<<<<

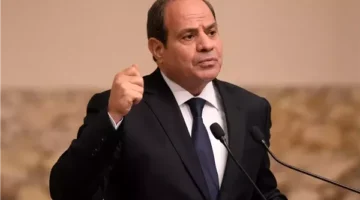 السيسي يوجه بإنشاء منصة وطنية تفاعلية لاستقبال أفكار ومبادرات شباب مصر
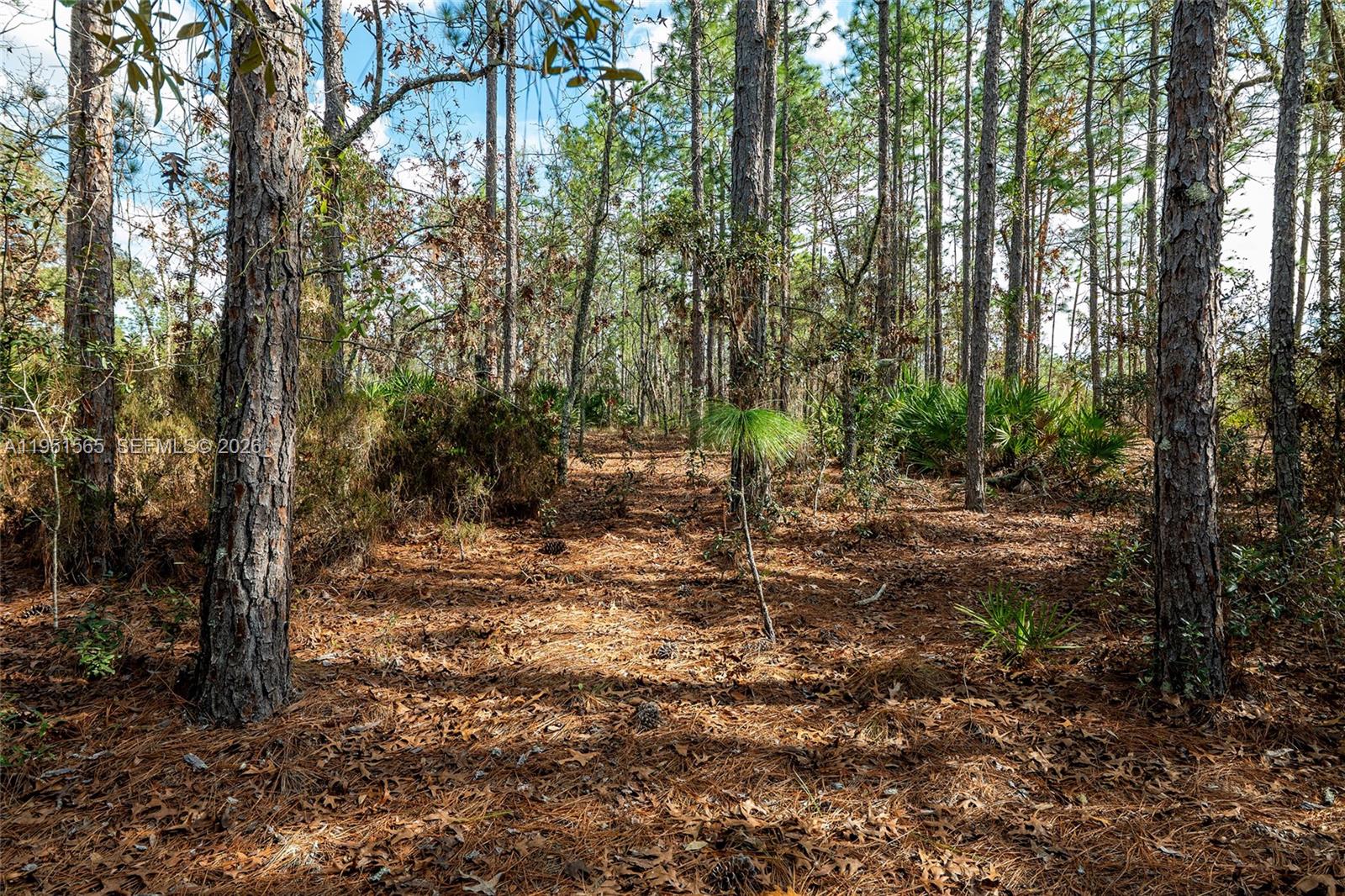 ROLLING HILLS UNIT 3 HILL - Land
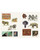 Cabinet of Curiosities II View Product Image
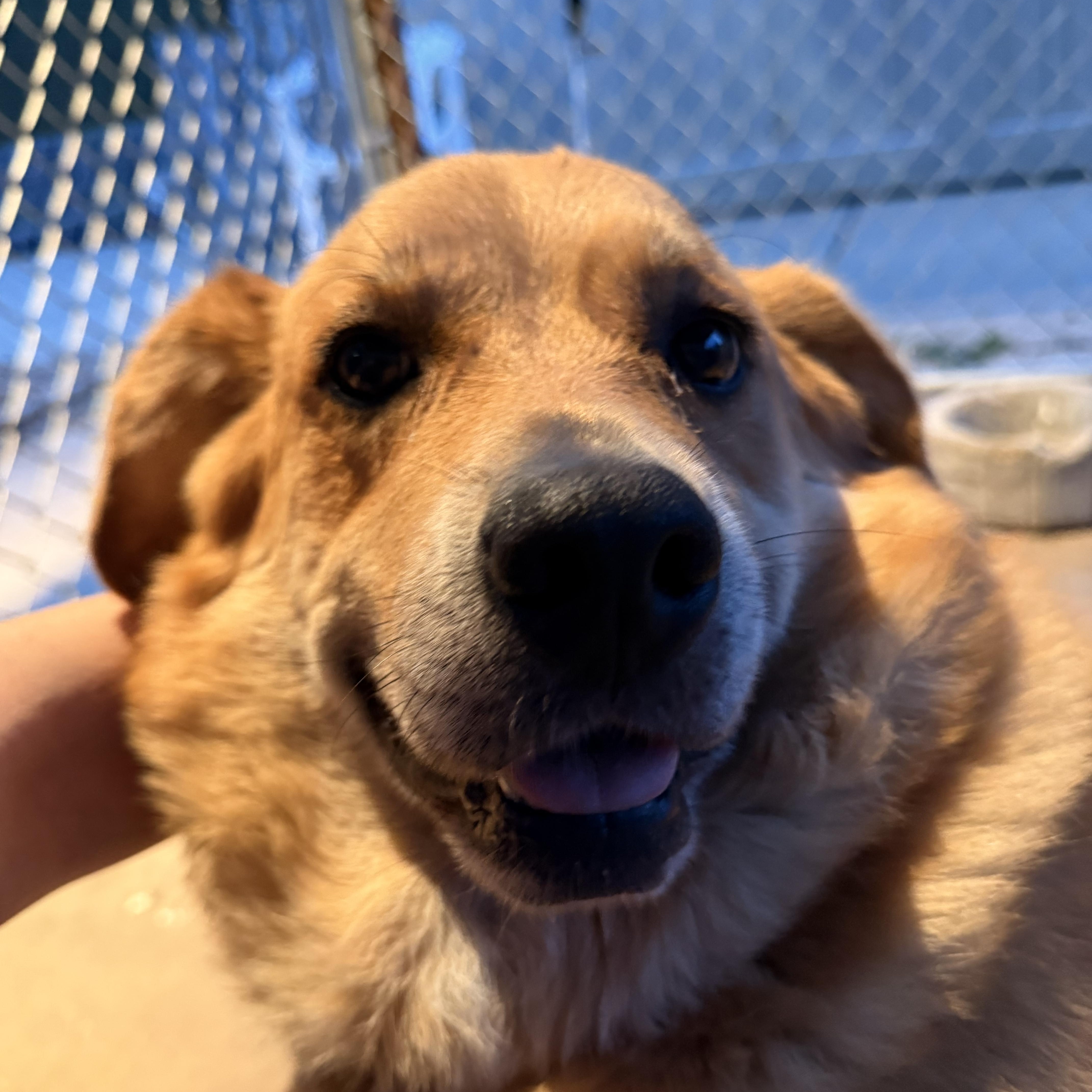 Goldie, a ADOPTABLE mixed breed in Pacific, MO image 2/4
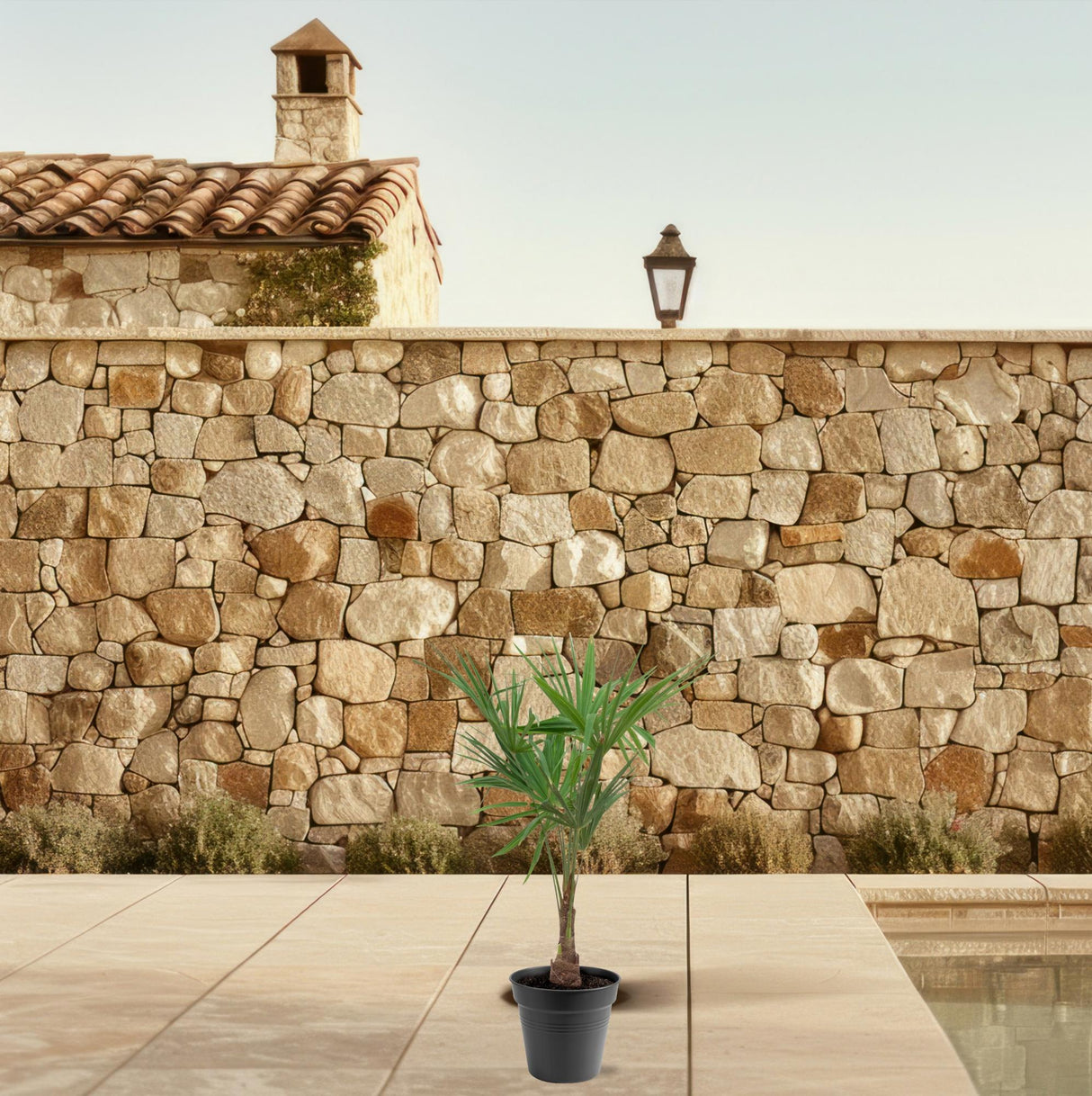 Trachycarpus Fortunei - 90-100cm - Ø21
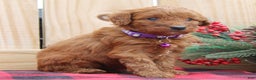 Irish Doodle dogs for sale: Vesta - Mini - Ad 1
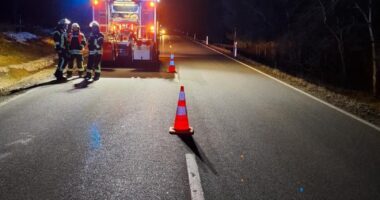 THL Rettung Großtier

>>>>
<<<<

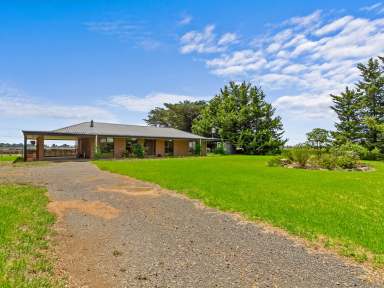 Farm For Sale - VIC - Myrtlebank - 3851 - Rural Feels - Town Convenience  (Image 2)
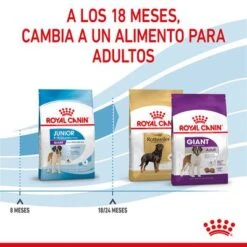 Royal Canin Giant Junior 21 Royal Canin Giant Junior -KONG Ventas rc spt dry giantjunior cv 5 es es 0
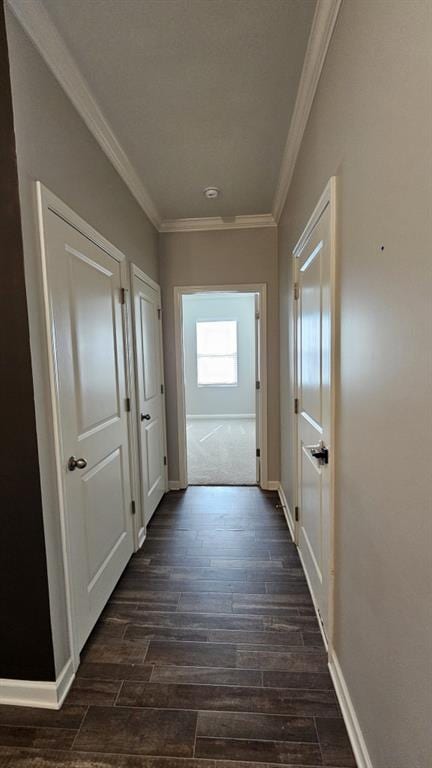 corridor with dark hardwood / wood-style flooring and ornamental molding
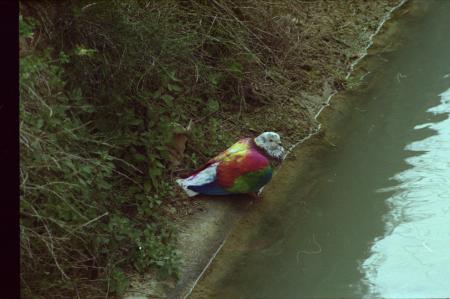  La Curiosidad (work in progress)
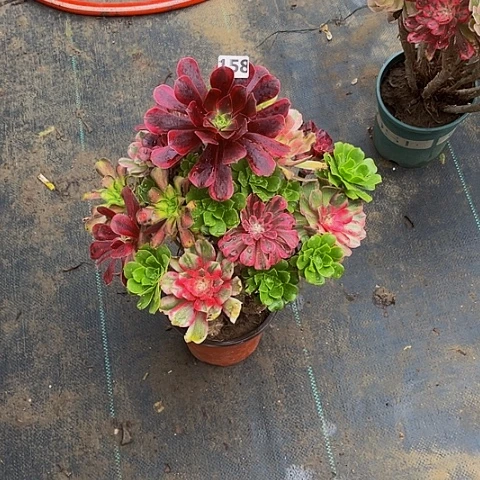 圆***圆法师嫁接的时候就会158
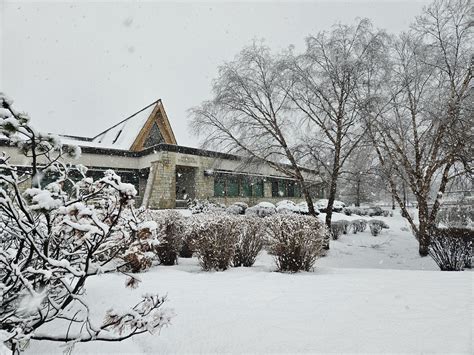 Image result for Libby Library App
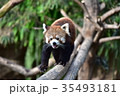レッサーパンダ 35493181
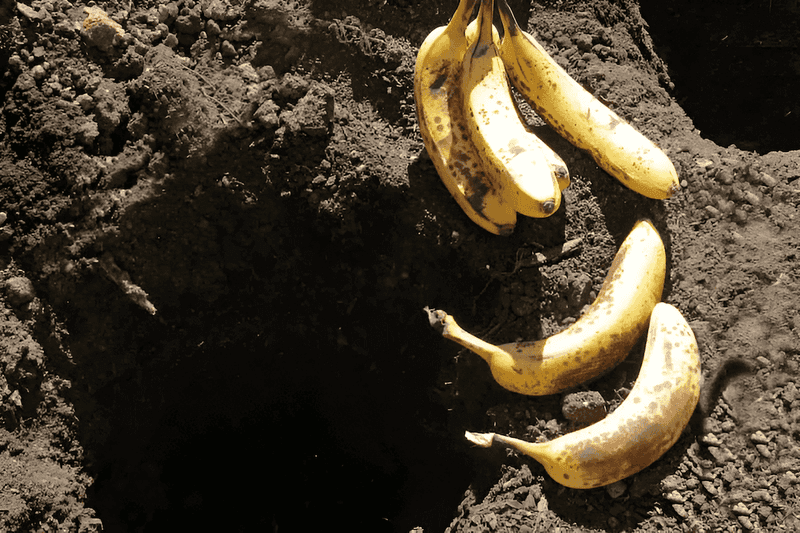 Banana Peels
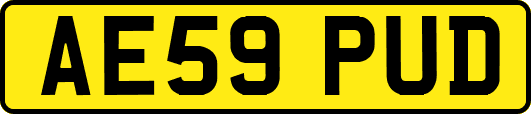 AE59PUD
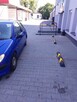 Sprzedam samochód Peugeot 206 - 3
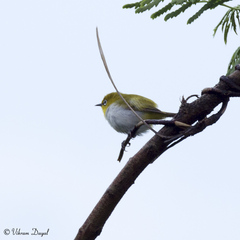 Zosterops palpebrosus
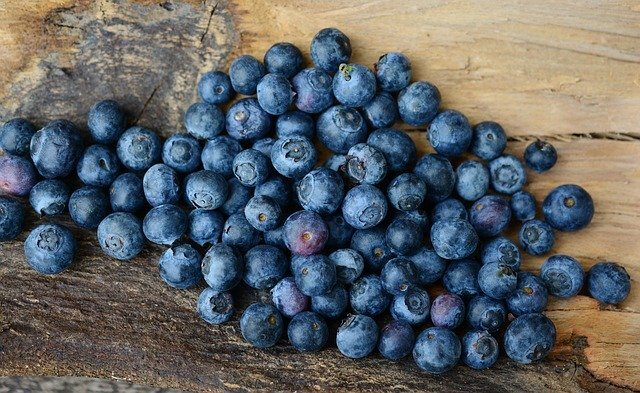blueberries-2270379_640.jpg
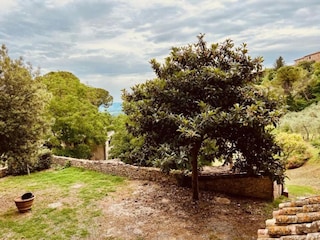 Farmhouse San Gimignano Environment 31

>>>>

_YOUR ASSIGNMENT_:
From the records above, copy only the lines running from the line holding "La Curiosidad (work in progress)" through the line holding "Farmhouse San Gimignano Environment 31", with no pictures.

_RESULT OF THIS EXERCISE_:
  La Curiosidad (work in progress)
 圆***圆法师嫁接的时候就会158
 Image result for Libby Library App
レッサーパンダ 35493181
 Banana Peels
 AE59PUD
 Sprzedam samochód Peugeot 206 - 3
 Zosterops palpebrosus
blueberries-2270379_640.jpg
 Farmhouse San Gimignano Environment 31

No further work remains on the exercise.